Exercise description: Any pictures in the records below must be left out when you repeat the lines from the line containing "Afshin Schreer (Afshin Schreer)" through the line containing "Kongirl Xd プロフィール写真" exactly.

(Data records begins)

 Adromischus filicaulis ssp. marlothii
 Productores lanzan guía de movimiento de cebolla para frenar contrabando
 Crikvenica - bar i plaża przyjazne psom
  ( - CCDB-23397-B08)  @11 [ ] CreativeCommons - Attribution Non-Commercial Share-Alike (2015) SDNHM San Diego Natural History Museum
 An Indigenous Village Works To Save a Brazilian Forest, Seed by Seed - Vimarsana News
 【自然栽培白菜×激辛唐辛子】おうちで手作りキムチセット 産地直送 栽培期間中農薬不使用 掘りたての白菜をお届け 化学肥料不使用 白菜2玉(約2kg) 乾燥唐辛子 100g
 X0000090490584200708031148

(Data records ends)
(Data records begins)

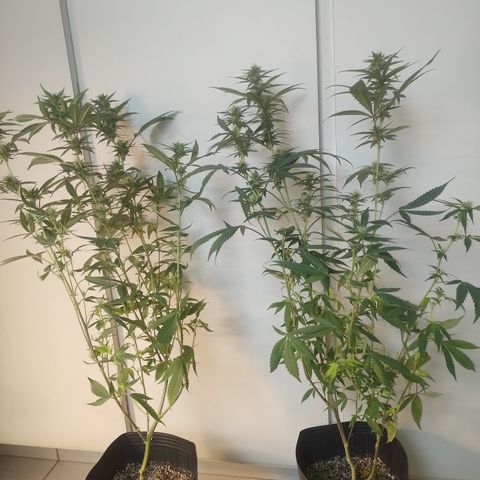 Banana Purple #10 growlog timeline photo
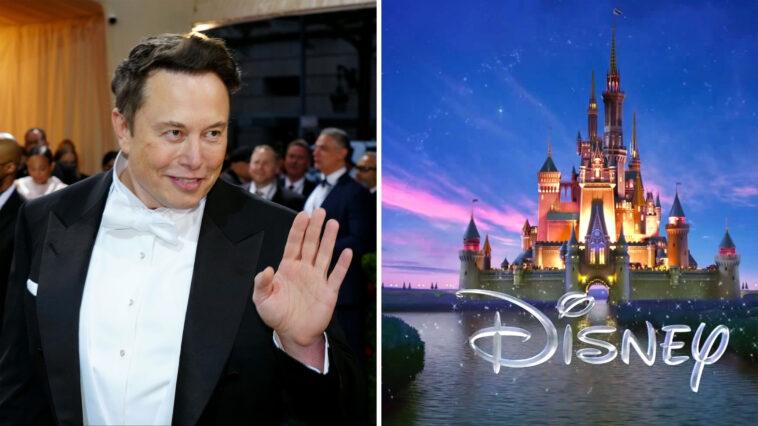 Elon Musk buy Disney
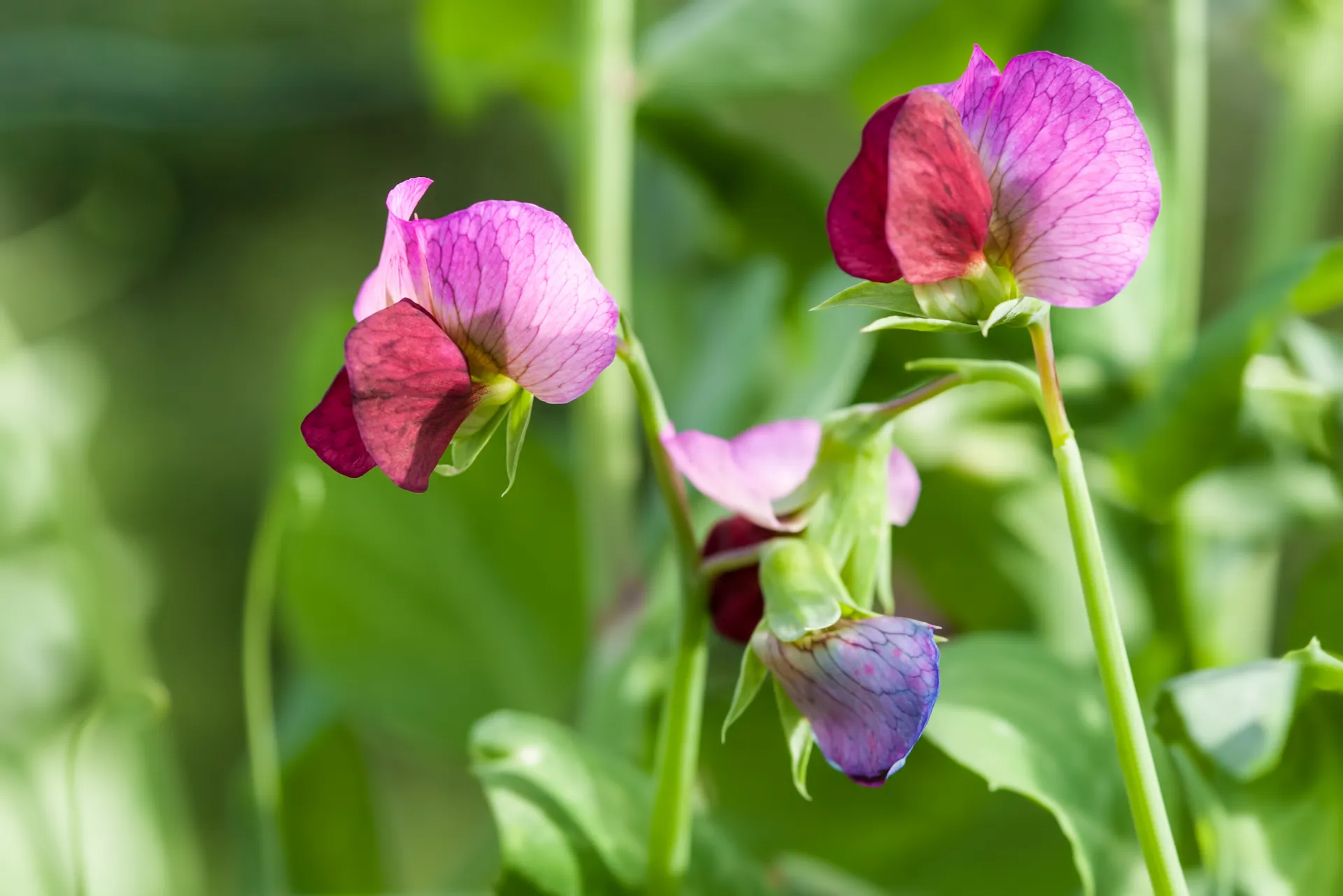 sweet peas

(Data records ends)
(Data records begins)

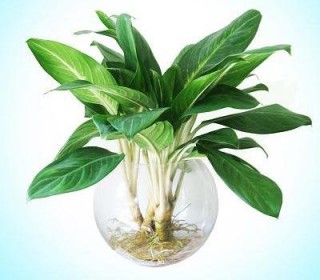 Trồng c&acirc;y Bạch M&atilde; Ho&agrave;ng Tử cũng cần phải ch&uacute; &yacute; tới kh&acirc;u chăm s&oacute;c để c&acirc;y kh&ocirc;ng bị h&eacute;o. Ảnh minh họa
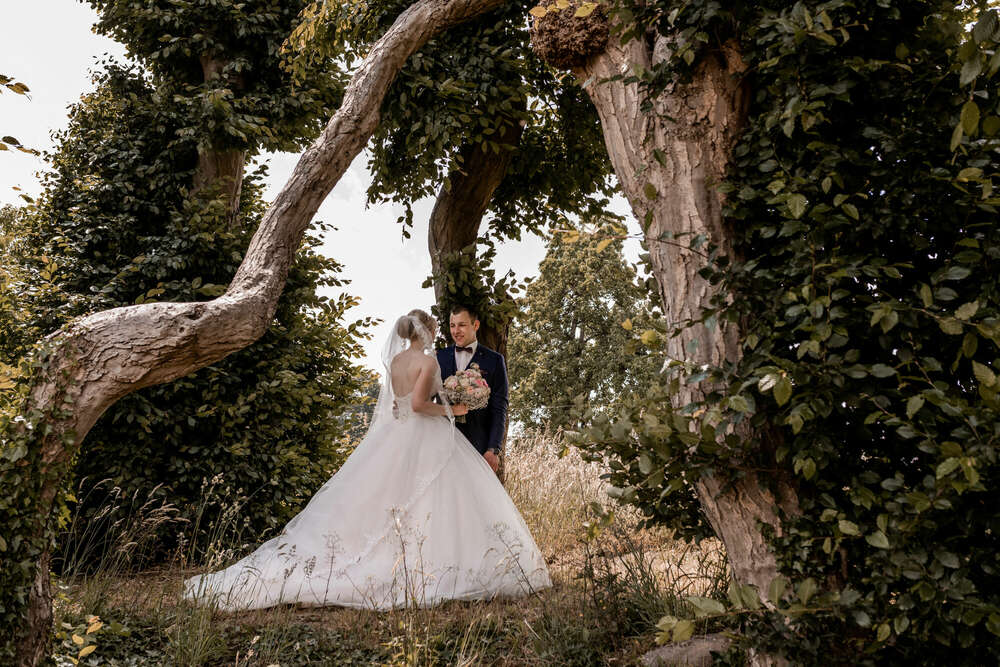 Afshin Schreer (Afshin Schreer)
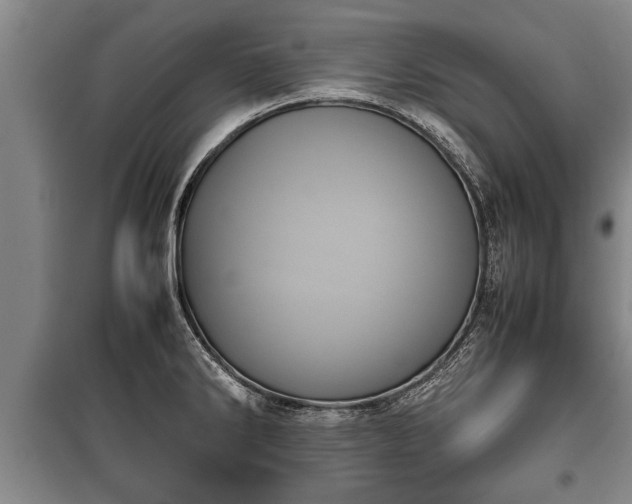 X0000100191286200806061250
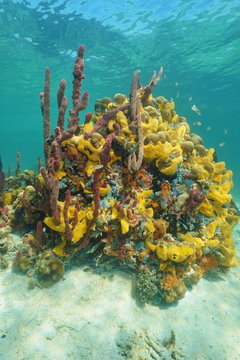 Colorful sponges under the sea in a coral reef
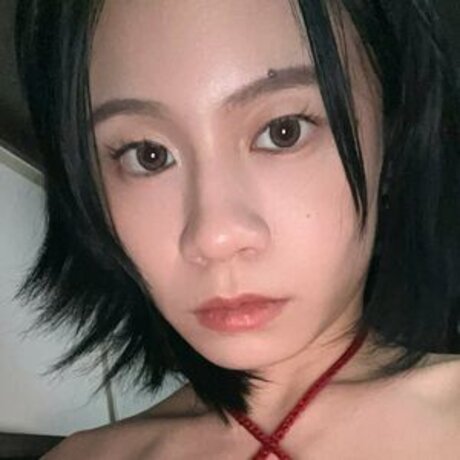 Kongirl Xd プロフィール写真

(Data records ends)

Result of the exercise:
 Afshin Schreer (Afshin Schreer)
 X0000100191286200806061250
 Colorful sponges under the sea in a coral reef
 Kongirl Xd プロフィール写真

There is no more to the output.